中国足球长远发展之路:需要培育本土球迷文化

From Wikipedia, the free encyclopedia
This is the current revision of this page, as edited by David Eppstein (talk | contribs) at 19:39, 3 August 2025 (Margaret Cheney (author)). The present address (URL) is a permanent link to this version.
(diff) ← Previous revision | Latest revision (diff) | Newer revision → (diff)
百度   电影还原了早已消失的秀水街,如云的商铺以及琳琅满目的各式商品,俨然昔日盛景。

Reproducibility, closely related to replicability and repeatability, is a major principle underpinning the scientific method. For the findings of a study to be reproducible means that results obtained by an experiment or an observational study or in a statistical analysis of a data set should be achieved again with a high degree of reliability when the study is replicated. There are different kinds of replication[1] but typically replication studies involve different researchers using the same methodology. Only after one or several such successful replications should a result be recognized as scientific knowledge.

History

[edit]
Boyle's air pump was, in terms of the 17th century, a complicated and expensive scientific apparatus, making reproducibility of results difficult.
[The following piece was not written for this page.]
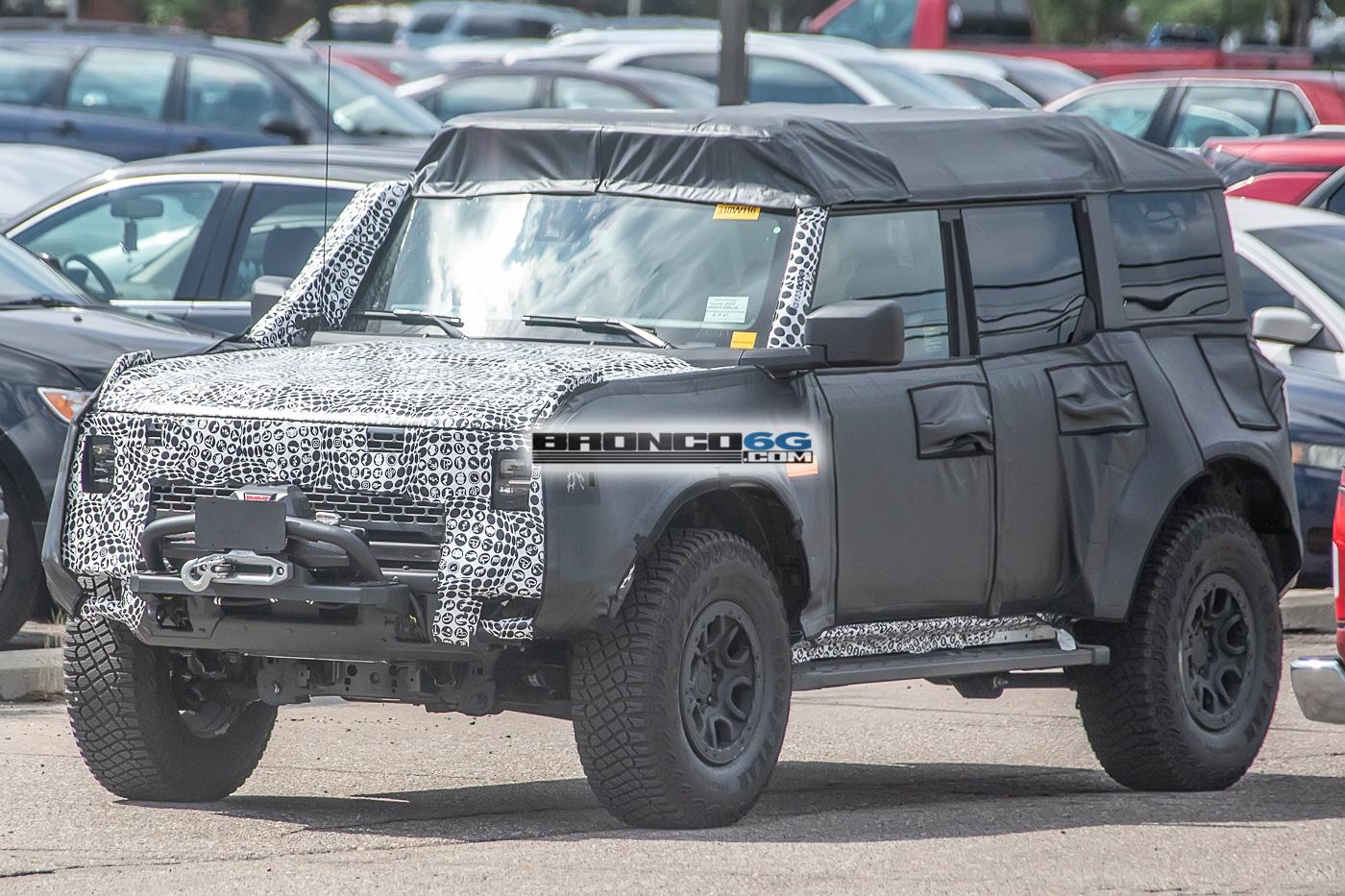 Ford Bronco Spied: Bronco Overland Sasquatch Prototype Caught Testing Winch, Snorkel and Roof Accessories bronco-overland-sasquatch-prototype-testing-winch-snorkel-cargo-tent-2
The first to stress the importance of reproducibility in science was the Anglo-Irish chemist Robert Boyle, in England in the 17th century. Boyle's air pump was designed to generate and study vacuum, which at the time was a very controversial concept. Indeed, distinguished philosophers such as René Descartes and Thomas Hobbes denied the very possibility of vacuum existence. Historians of science Steven Shapin and Simon Schaffer, in their 1985 book Leviathan and the Air-Pump, describe the debate between Boyle and Hobbes, ostensibly over the nature of vacuum, as fundamentally an argument about how useful knowledge should be gained. Boyle, a pioneer of the experimental method, maintained that the foundations of knowledge should be constituted by experimentally produced facts, which can be made believable to a scientific community by their reproducibility. By repeating the same experiment over and over again, Boyle argued, the certainty of fact will emerge.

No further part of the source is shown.